I am sympathetic to some Breaks in Tempo that are created when the bidding takes an unexpected turn, as it often does when the auction becomes competitive. But I think that any experienced player should have prepared his next bid over for a few of the more likely responses of partner in an non-competitive auction. And that all players should avoid “bullet passes” at stages in the auction where the auction might become competitive.

How those thoughts apply to the situation you describe is conjecture on this side of the Pond.

Thanks for contributing.

Scott HillerDecember 12th, 2012 at 11:50 pm

Thanks for your insight. I still think AKQxx represents a source of tricks or discards. If pd has a stiff 2 discards, if pd has 2 suit may break or have Jx, if pd has 3 suit is a favorite to provide 2 discards. 3s usually promises extras, and I had extras as well. You can’t always count to 13 but need to take a shot sometimes when you think you have more than one way home to 7. In this case I believe he is likely to have a K for the 5n bid.

Stuart KingDecember 20th, 2012 at 12:04 pm

My problem is with the term ‘logical alternative’.

In a competitive auction I took some time to work out if sacrificing would be worth while. I decided it wasn’t but my partner, holding a hand with no defence and huge offence for his bidding took the sacrifice. Our opponents correctly called the director.
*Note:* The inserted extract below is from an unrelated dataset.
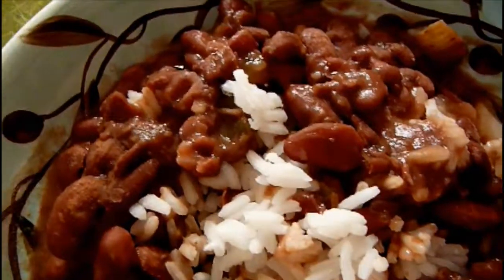Those beans are so tender — I can taste all of those veggies in it. It's really good, it really flavors them well. This is a great red beans and rice recipe, Miss Patty! Thank you, I'm glad you're enjoying it. Next time I'm in New Orleans, you're gonna cook me up a pot of them, right? I'm gonna cook you up a pot of them — and watch you eat the whole thing!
At the end of the hand the director changed the result, to our opponents contract making. However even our opponents thought that my partner had an obvious sacrifice, so obvious in fact, that the whole room made it. However pass was still deemed a logical alternative, when no player would pass. It seems that any player who was not good enough to take the sacrifice also would be completely unable to take advantage of the UI.

To be clear, I’m not arguing that the decision was wrong, it wasn’t, I’m arguing that the law is.

Jeff LehmanDecember 20th, 2012 at 1:44 pm


If “no player would pass”, then Pass is not a Logical Alternative. I am not a director … but from what I have read, I think that there is no percentage definition for ascertaining when a call becomes a Logical Alternative. When there is doubt about whether a call is a LA, I think that is when directors can choose to seek a polling of peers of the subject player.

I guess what I am suggesting is that the injustice you suffered might not be from a bad law, but rather from a misapplication of the law.

— Jeff

RobinDecember 24th, 2012 at 5:01 am

Jeff, I have nothing much to add, but I am in complete agreement with you about the whole issue of BITs and UI in general. Especially the part about not taking the opportunity to use these incidents to “teach” beginners. This results in a bridge population which is sadly lacking in awareness of the issue. Almost every time that I call the director about a BIT (in practice, I rarely do it at the club) the partner of the BITer takes umbrage and says that they never noticed the BIT. That, to put it bluntly, is a crock. Whether they consciously thought about it is another thing, but it is certain that their subconscious processed the BIT. How could they not?

Jeff LehmanDecember 24th, 2012 at 12:32 pm

Robin, your comment about the subconscious processing of BIT is an important contribution. I often feel that the players at the club who commit BITs are innocent; their hesitations are borne of genuine uncertainty and not of bad intent. But I do not as often subscribe to the same belief about the actions of their partners; their actions are based upon fielding the cause of the hesitation. Are the partners of the hesitators somehow less ethical than the hesitators themselves? I don’t think so, but I do agree with you that, at some level, even if they are unable to describe why, they are aware of the hesitation and that awareness affects their choice of action, adversely affecting the results of the innocent opponents.

That’s where the directors should be entering the picture. The directors should, IMHO, be (kindly) teaching players to be cognizant of breaks in tempo and to be extra careful not to take advantage of them. In general terms, that is what the laws require (as I understand them) … so the teaching is both a matter of ethics and of rules of the contest.